Avrupalı yaşlanan nüfusunu her elli yılda bir Asya ve Afrika genç nüfusu ile gençleştiriyor. Bu dönemde, yani Arap Baharı'nın başladığı dönemden bu yana İslam coğrafyası adı altındaki Asya ve Afrika halkları, küfür diyarı denilen Hıristiyan aleminin ayağına yalvararak ve dağ, tepe, dere, deniz, okyanus demeden, ölümü yaralanmayı göze alarak çıplak ve başı açık ulaşıyorlar…
Kimi yalnız başına, vatanından, yurdundan, ilinden, köyünden koparak, arkasında gözü yaşlı çocuklar, eş ve ana babalar bırakarak…
Kimi yaşlı anasını, genç eşini ve çoluk çocuğunu yanına alarak, ya okyanuslarda, ya denizlerde, veya nehirlerde boğularak telef olmayı göze alarak gidiyorlar…
Bazen bir kamyon kasasında, bazen bir gemi deposunda, bazen de bir çukurda, havasızlıktan boğulup yok oluyor…
Nasıl iman ve nasıl bir inançtır? Küfür diyarına hücum ediliyor, ne din, ne iman ve ne yaşamlarına aldırış etmeden, yarın girecekleri uyum programlarında nasıl bir kültür ve inançla, kendilerinin yaşayacakları, çoluk çocuklarının hangi kafa ve beyinle yaşamlarını sürdüreceklerini hesaba katmadan, akın akın batıya koşuyorlar…

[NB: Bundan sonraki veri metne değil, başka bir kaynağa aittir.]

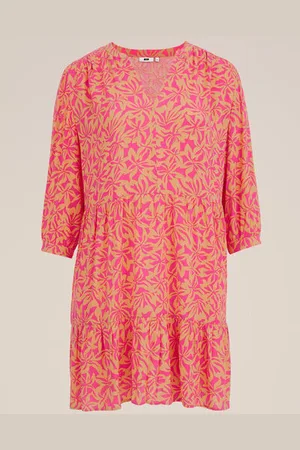WE Fashion Dames jurk met dessin - Curve - Regular fit - - Viscose - Plus Size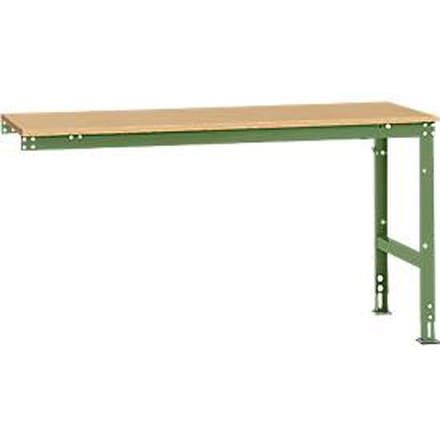 Manuflex aanbouwtafel UNIVERSAL Standaard, 1750 x 800 mm, multiplex natuur, resedagroen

Batılı insanı bu projeyi yıllar önce uygulamaya koydu. Projesi ile Müslüman Afrika ve Asya ülkelerini parçalayıp, dağıttı ve onları aç , sefil, perişan bir halde onları kendi kucağına yolladı…
Şimdi diyor ki ben bu kadar nüfusu nasıl alıp besleyeceğim? Avrupalı işin hesabını yapıyor, kapısına gelen bu sığınmacılar arasından, eğitimli ve meslek sahibi olanları, uyum programlarına uyabilecek değişime sahip olanları ve uzun süre kullanacak genç nüfusu alarak, ucuz iş gücünü ayağına getirmiş olacak…
Başka bir konu ise ilerde küçülecek olan Avrupa nüfusu idari kadroda kalınca ucuz eğitimli ve genç nüfusu kullanacağı şekilde yetiştirirken, onların anayurdunu da sürekli savaş alanı olarak bırakarak, geri dönüşlerini de imkansızlaştıracaktır.
Şimdi biz bu oyuna bilerek ve bilmeyerek, geliyor ve bu oyunun bir parçası olmak zorunda kalıyoruz.
Belki de yarın yani misalen birkaç yıl sonra bizlerde bu diyarları terk edip o kültüre ve o sisteme uymak zorunda kalabiliriz…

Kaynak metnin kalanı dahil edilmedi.